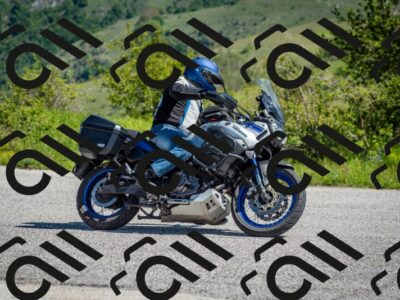 202505251038-DSC_0352_c2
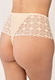  - Gabriella - Culottes BM058  12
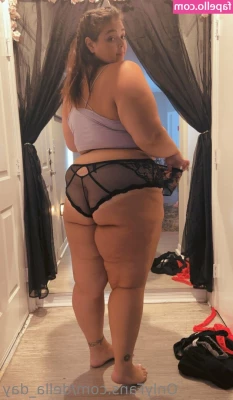 della_day [ della-day ] - Sweet dreams everyone    Keira x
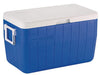 Standard Cooler
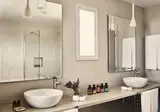 Yria Boutique Hotel & Spa foto 22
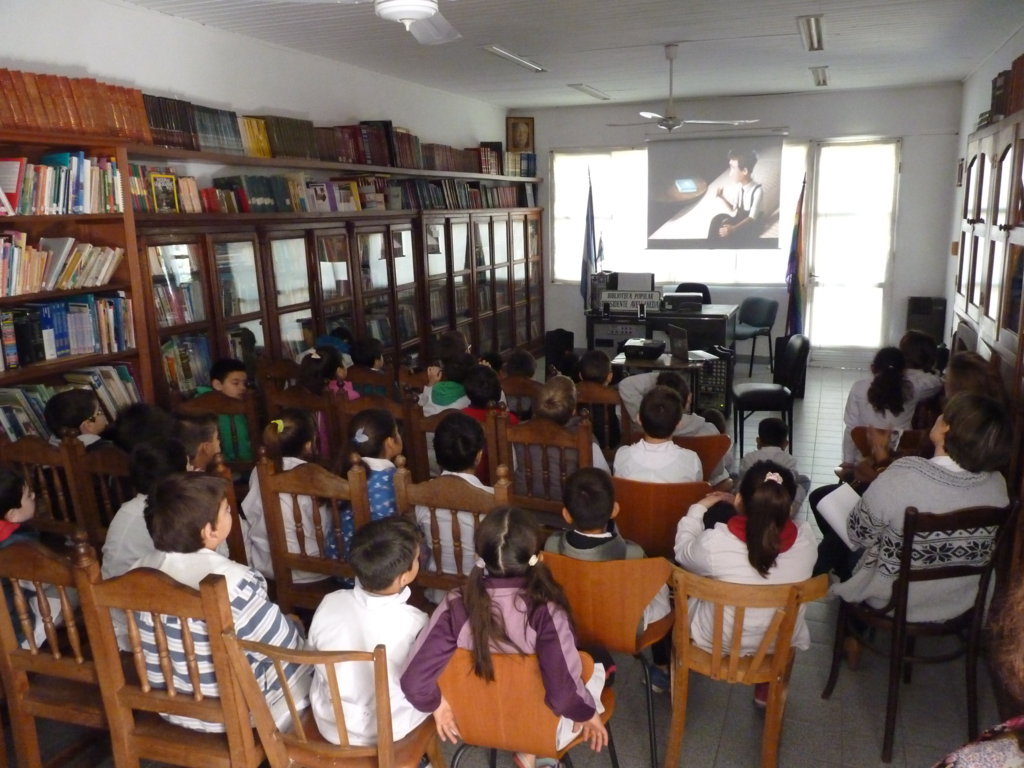 P1270569 (FILEminimizer)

● ● ● ● ●

▸ **What is needed**
Starting at the line that contains "- Gabriella - Culottes" and ending with the last line of the data, transcribe every line exactly; skip the pictures.

▸ **Answer area**
  - Gabriella - Culottes BM058  12
 della_day [ della-day ] - Sweet dreams everyone    Keira x
 Standard Cooler
 Yria Boutique Hotel & Spa foto 22
 P1270569 (FILEminimizer)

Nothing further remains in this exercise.